Mr Starmer said: "None of the reasons for the original decision in 2002 that the appropriate place for Mr McKinnon to be tried was the United States have altered. So far as the evidence is concerned, the position in 2012 is the same as it was in 2002. Most of the witnesses are in the US, as is nearly all the physical evidence and the bulk of the unused material, some of which is sensitive. Accordingly, in November this year, the CPS and the police met senior officials from the US Department of Justice to discuss the possibility of bringing the US witnesses to England and Wales for trial and of transferring all the US material to this jurisdiction to be considered.
"The potential difficulties in bringing a case in England and Wales now should not be underestimated, not least the passage of time, the logistics of transferring sensitive evidence prepared for a court in the US to London for trial, the participation of US government witnesses in the trial and the need fully to comply with the duties of disclosure imposed on the CPS. The prospects of a conviction against Mr McKinnon which reflects the full extent of his alleged criminality are not high.
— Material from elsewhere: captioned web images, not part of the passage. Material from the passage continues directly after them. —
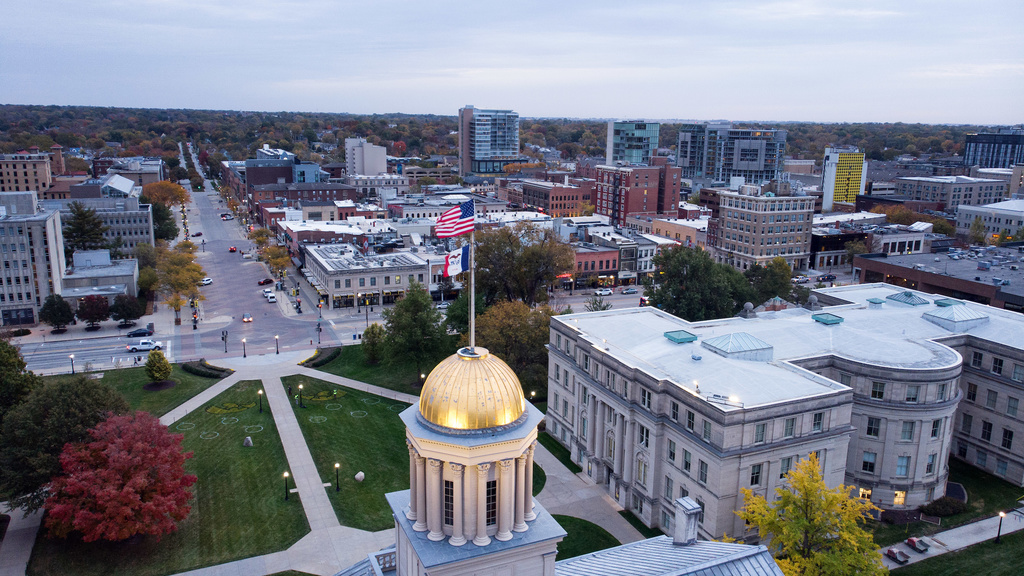 Aerial view of Pentacrest and downtown Iowa City, Fall 2020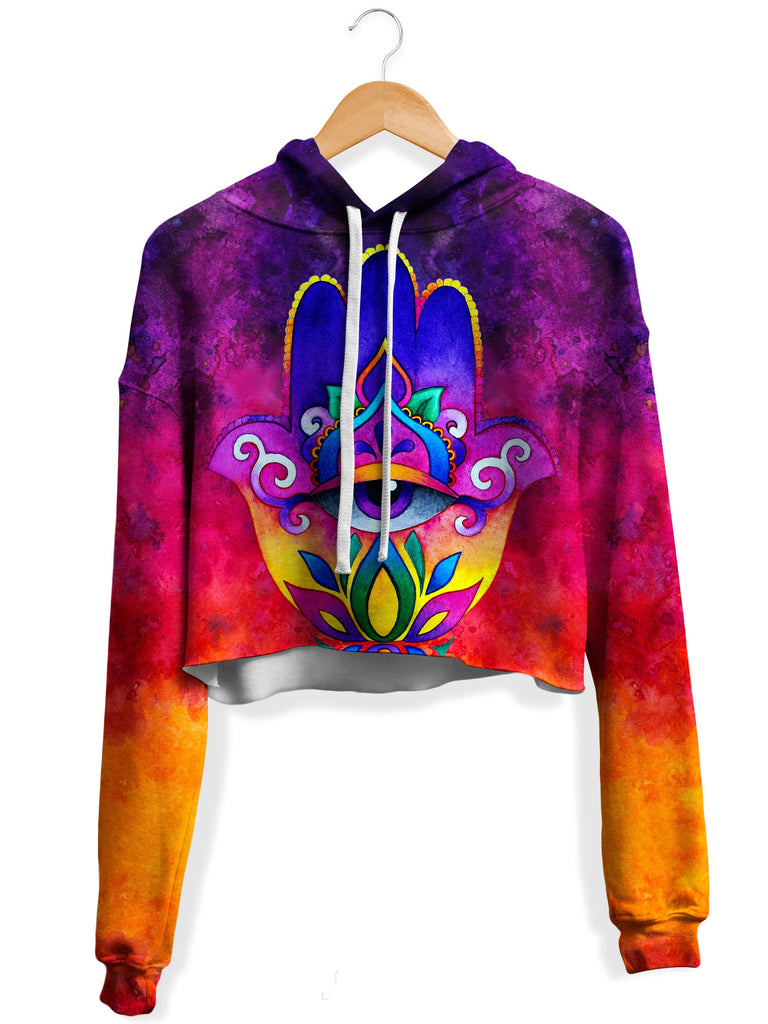 BrizBazaar - Sunset Hamsa Fleece Crop Hoodie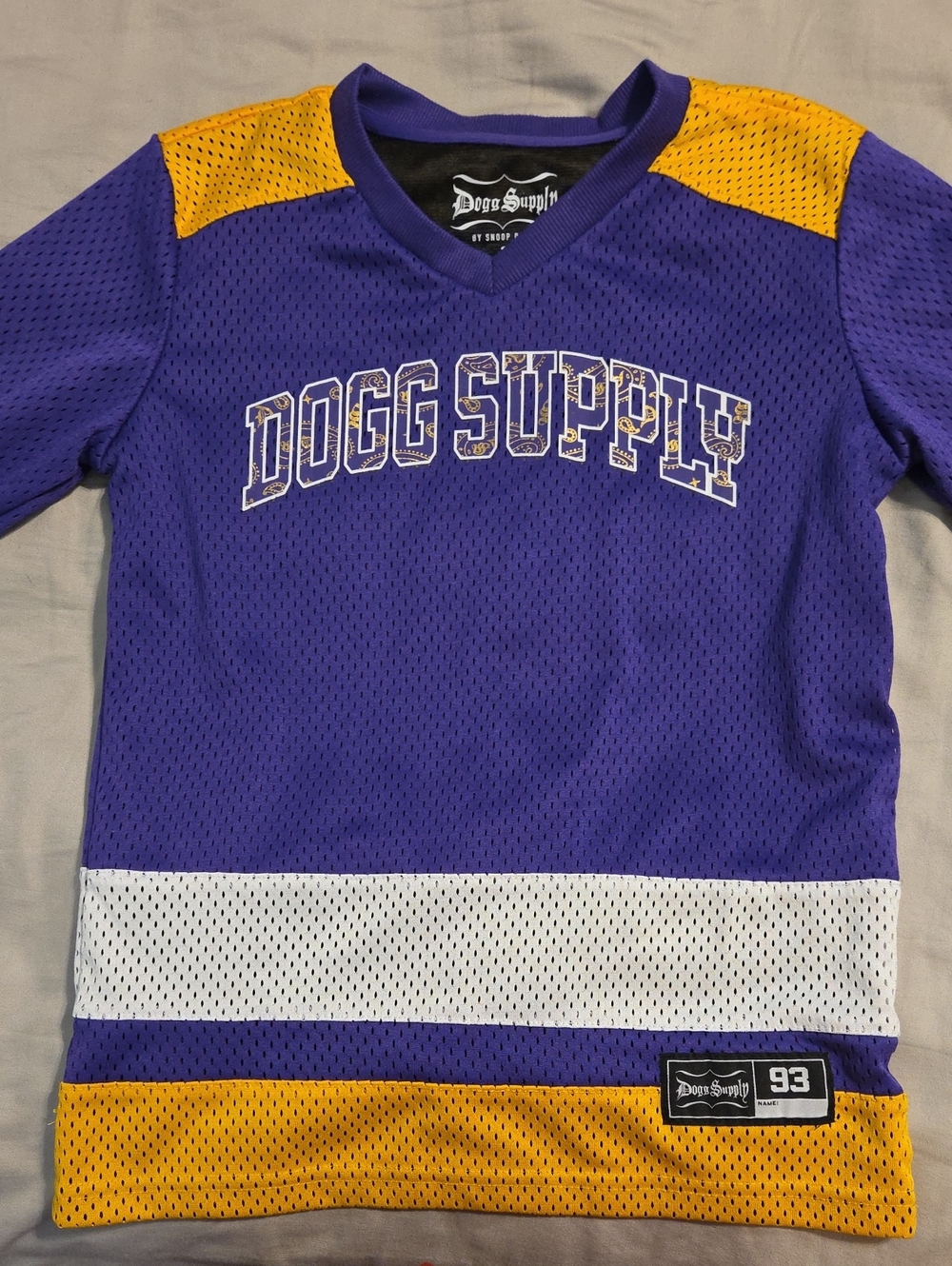 Kids' Dogg Supply Purple & Gold Mesh Jersey Top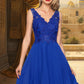 Helen A-line V-Neck Knee-Length Chiffon Lace Homecoming Dress DLP0020589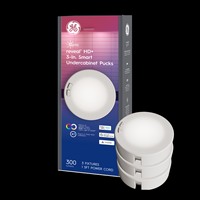 GE - Cync Reveal Smart LED Undercabinet Puck Lights 3in (3 Pack) - Color Changing - White - Large Front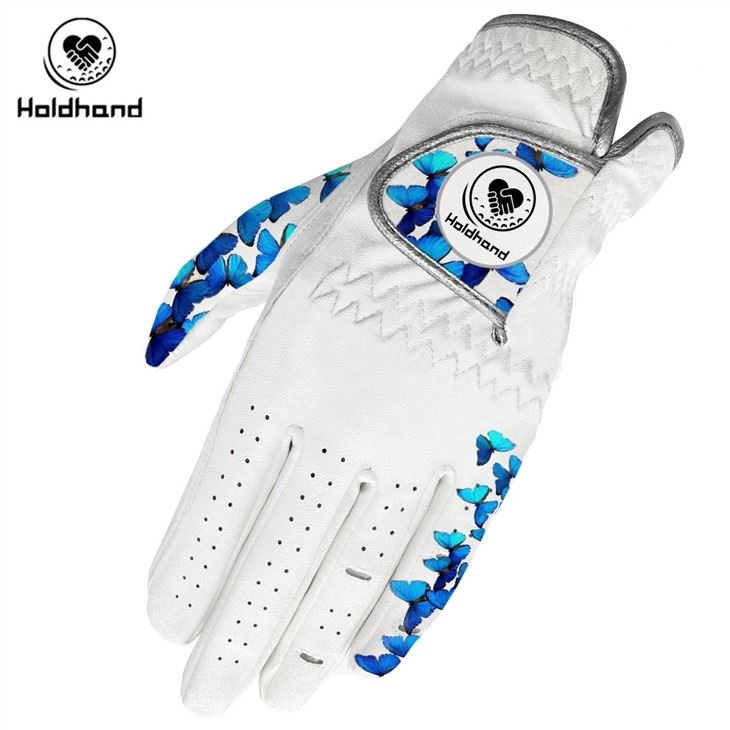 Softness And Breathable Holes Cabretta Leather Breathable Durable Material Mesh Golf Glove Left Hand For Men
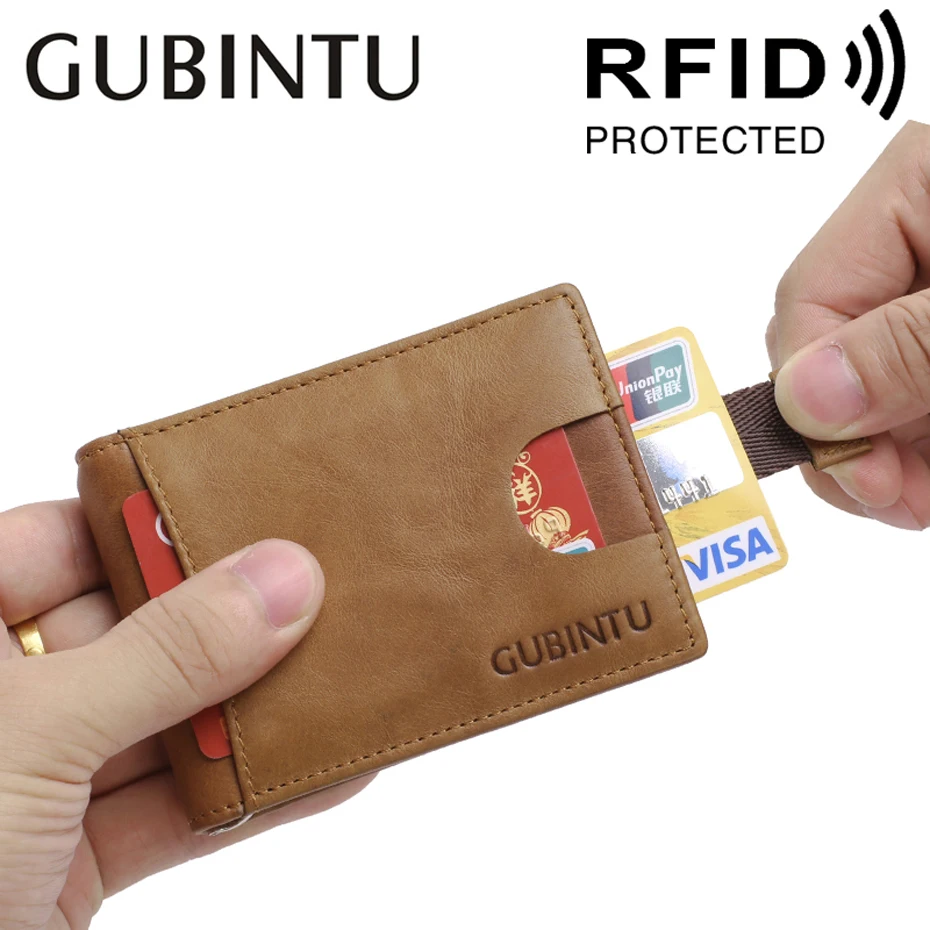 Банк ID Бизнес кредитный мужской держатель для карт из натуральной кожи RFID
"After consulting with the Metropolitan Police Service and the CPS and having carefully considered matters, on 4 December this year, US authorities indicated to us that they would be willing to co-operate with a prosecution in England and Wales if that would serve the interest of justice. However, they do not consider that making all the US witnesses available for trial in London and transferring all of the US material to this jurisdiction would be in the interests of justice given our representations and the reasons for the decision that the US was the appropriate forum." He added: "Against this background, the joint CPS/police panel recommended to the assistant commissioner of the Metropolitan Police that he should not commence a new criminal investigation into Mr McKinnon. The assistant commissioner of the Metropolitan Police has accepted that advice."
Mr McKinnon's lawyer Karen Todner said: "I have mixed feelings about this - I am pleased he is not going to be prosecuted because I wouldn't want to think he would ever spend any time in prison given his mental situation. But I am disappointed because the extradition warrant is still outstanding because he can't travel anywhere outside of the UK and will have this hanging over him until it's resolved. We have discussed approaching president Obama and asking for a pardon."